After a cold but sunny December (no snow for the Christmas holidays for us in Cambridge) we are preparing to grow this year's crops. Empty Common Community Garden is on a piece of land that was abandoned because of dampness and a very healthy horsetail population. The City Council have put in some drainage which will hopefully help. Bearing this in mind, here's what we are/will be doing this year:
  • Liming the soil to raise the pH a bit. Horsetail does better in lower pH soils.
  • Taking off the sporing heads as they emerge in spring. We then drown them in water for several weeks before dumping the sludge on a piece of waste land. We do not add them to the compost just in case the spores are still alive, besides the sporing heads are small so not a lot of organic matter is lost.
  • Mulching the land with cardboard and then woodchips or council green waste compost and when the horsetail emerges hoeing it. Just mulching doesn’t work,  in fact it makes the problem worse because horsetail likes the damp conditions created by mulching, it grows straight through the cardboard and finds there is no competition so takes off.

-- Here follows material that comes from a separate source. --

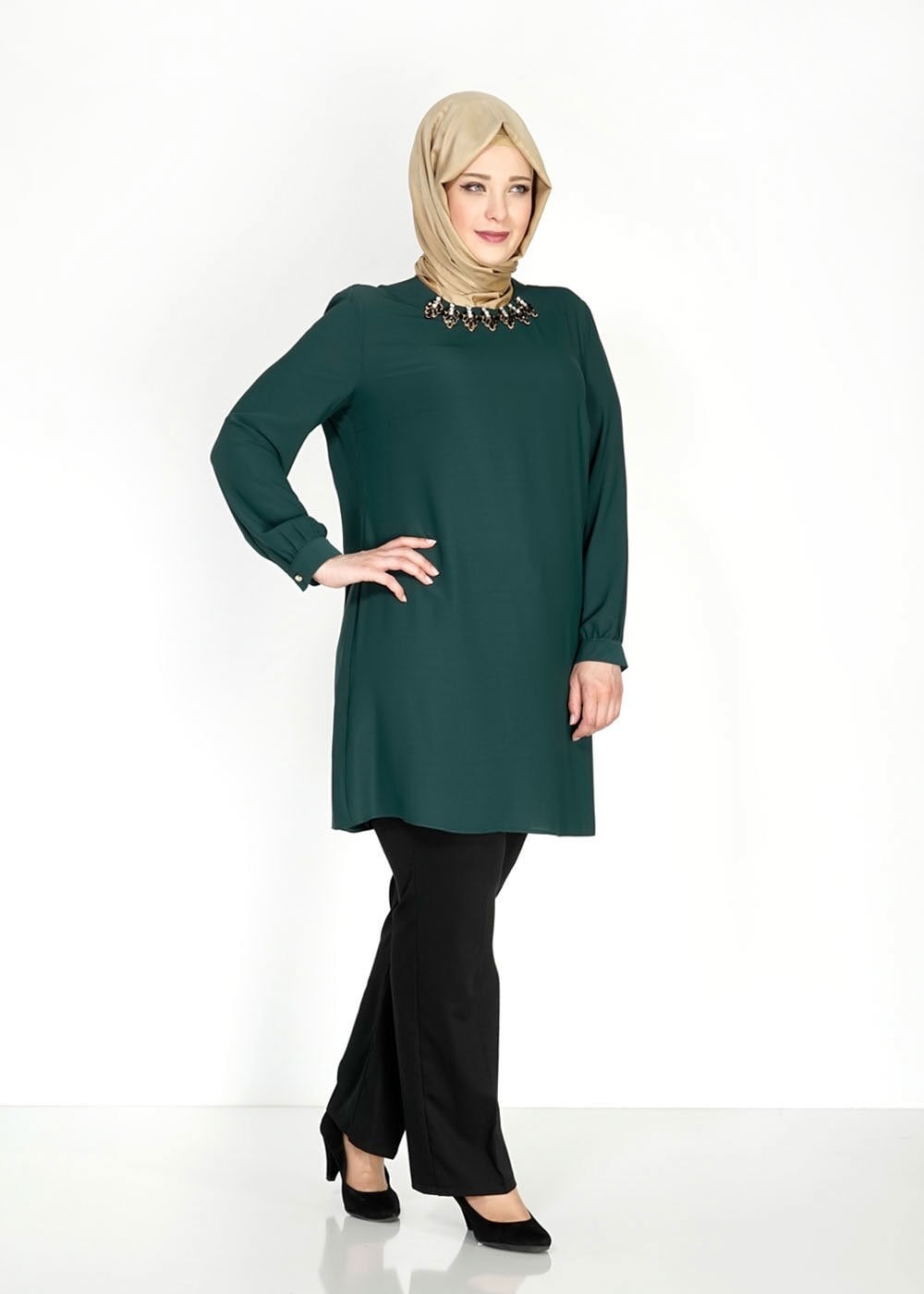Tesettür giyim YEŞİL TAŞ İŞLEME DETAYLI TUNİK 2477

Horsetail isn’t good at competing with tall plants.
  • Cutting plants at ground level and drowning these for several weeks. We then water the beds with the water used for drowning, add the sludge to the compost and so return it to the soil. This is to add the nutrients that the horsetail has accumulated back to the soil for other plants. Often some plants compete better than others because they are better at accumulating minerals. Horsetail is good at accumulating silicone from deep down and competes well against other plants in low silicon soils. Adding it to the surface makes it available to other plants, improving their competitive ability.
  • Next spring we may try planting lots of marigolds in a bed as an experiment as they are said to be good at deterring horsetail.
  • We are keeping a patch of silver leaf that arrived by itself and seems to have inhibited horsetail growth. It will be interesting to see what happens.
  • We are not attempting to dig out the horsetail roots as they are super long - spreading wide and deep. They also have nodes on their roots that are activated to produce lots of root growth when a root is broken.